Is a 25-30% Down Payment Acceptable for New Fannie Mae Backed Loans for Investors with over 4 mortgages?
Many investors are certainly rejoicing in the fact that they can now go in and purchase some ludicrously-priced houses and get good Fannie Mae-backed loans.
However for investors with between 5 and 10 mortgages, the down-payment requirement is 25-30%. Is that acceptable?
We have all been spoiled rotten when credit was flowing like wine and even investors with many dozens, if not hundreds of properties, got used to paying only 10% down.
Clearly those days are gone and every investor knows that 20% down is now the norm. This holds for people with under 4 loans as well.
That means that if an investor has 5-10 loans, the ADDITIONAL down payment is really only 5-10%.
One item to keep in mind is this:
When credit was easy and prices were high, such as in 2005, investors wouldn’t blink at buying a house for $275,000 and putting 10% down.

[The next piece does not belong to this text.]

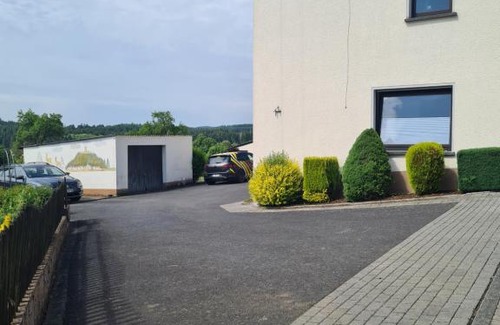 Drees House | Pensionszimmer Larifari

This means the down payment was $27,500 (plus closing costs, of course). PMI was also part of the equation as an extra.
Today that same house, in the right markets, after cratering in price to perhaps $180,000, can sometimes be bought from a desperate bank for the absurd price of perhaps $115,000. 25% of $115,000 is $28,750. There is NO PMI and interest rates (for Fannie Mae backed loans) will surely be better than they used to be with 10% down (no PMI also helps the payments).
Thus despite the fact that the percentage of the down-payment is higher, the actual cash amount is virtually the same for the same property.
If you add to that the fact that in a few years, one can refinance the property for most likely 60-70% of the value at that time, it may be quite possible that after such a refinance one would actually get every penny they had put into the down-payment back. This is because the absurd lender-fueled prices are unlikely to persist for too many years. A property such as the one discussed here may very well be worth $200,000 in a few years (no one knows for sure, of course, but in this example $200,000 is not much more than the raw construction costs and thus is a likely value to be achieved once the bank panic subsides). If the house is indeed worth $200,000 in a few years, then even a 60% refinance will yield $120,000 - enough to pay off the existing loan and get back every penny that had been put as a down payment.
The new Fannie Mae guidelines are not perfect but they sure open the door wide to investors with over 4 properties. The down-payment requirement is not as onerous as some may reflexively think.